-- Opening Marker --

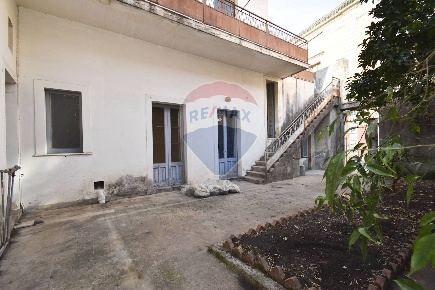 Foto Case semi ndipendenti in VIA CARLO ALBERTO, Giarre Centro di 161 m²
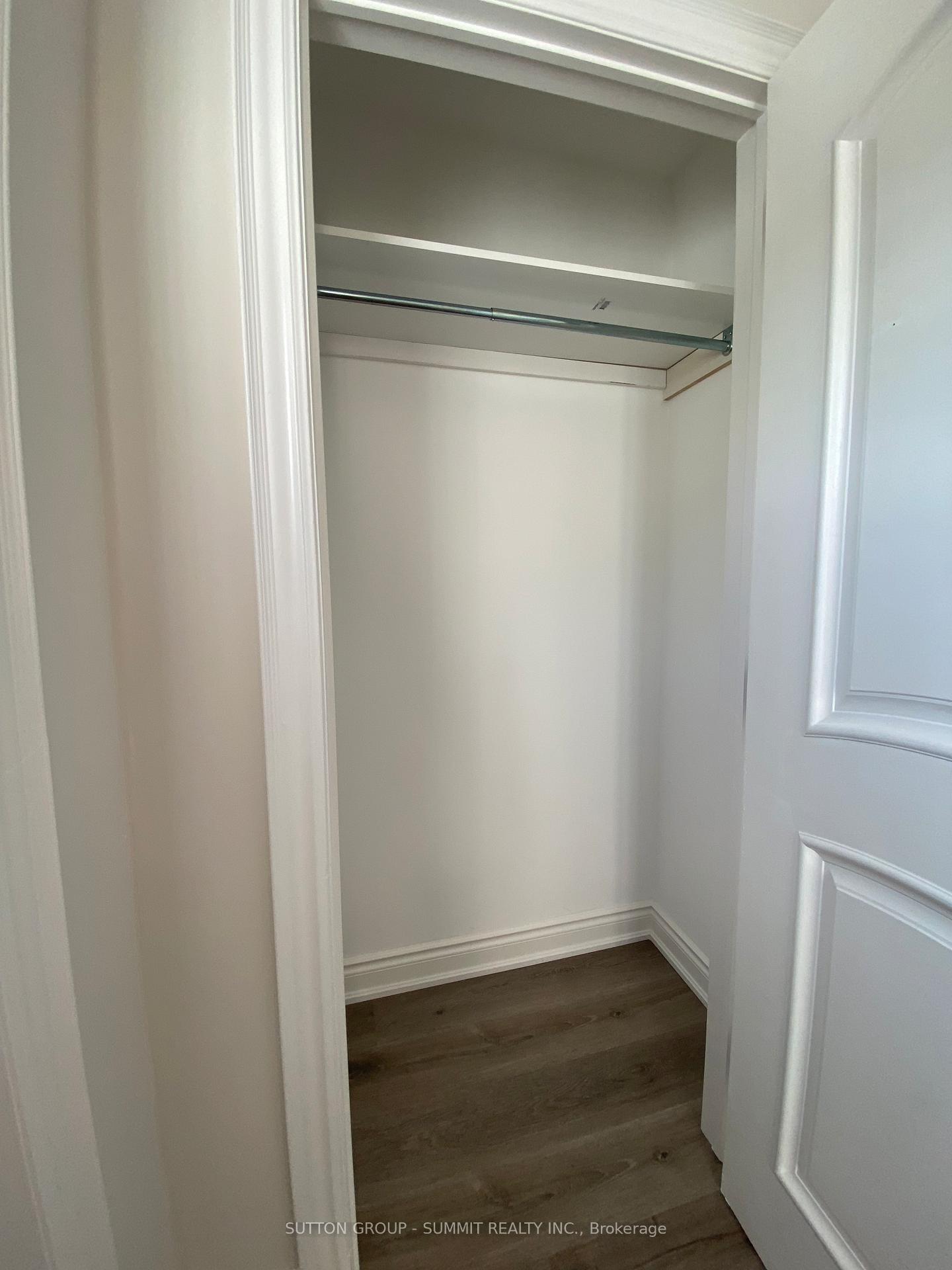 Photo 13 of Unit 7, 239 Main Street, King, Schomberg — HOMEH
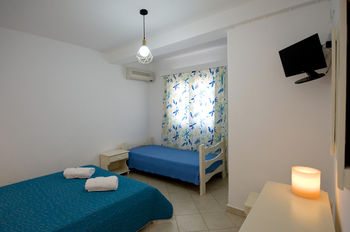 Tsakanos Apartments 0*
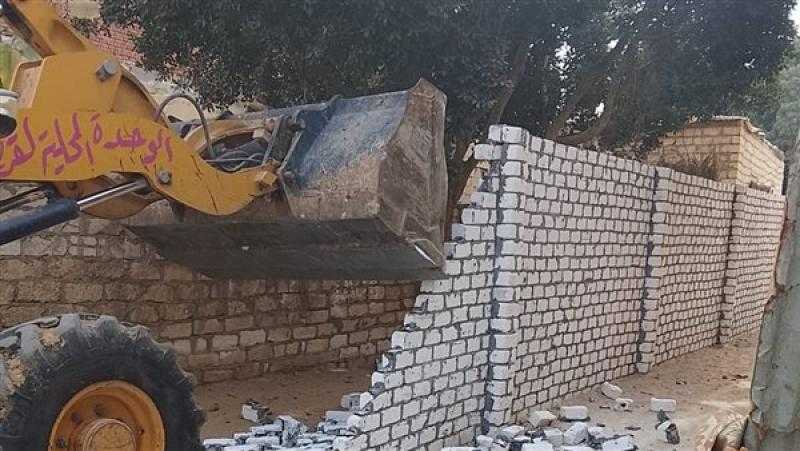 استمرار حملات إزالة التعديات على أراضي أملاك الدولة والزراعة بمركز قنا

-- Closing Marker --

§ **Exercise requirements**
Output the data exactly, pictures omitted.

§ **Response to this task**
 Foto Case semi ndipendenti in VIA CARLO ALBERTO, Giarre Centro di 161 m²
 Photo 13 of Unit 7, 239 Main Street, King, Schomberg — HOMEH
 Tsakanos Apartments 0*
 استمرار حملات إزالة التعديات على أراضي أملاك الدولة والزراعة بمركز قنا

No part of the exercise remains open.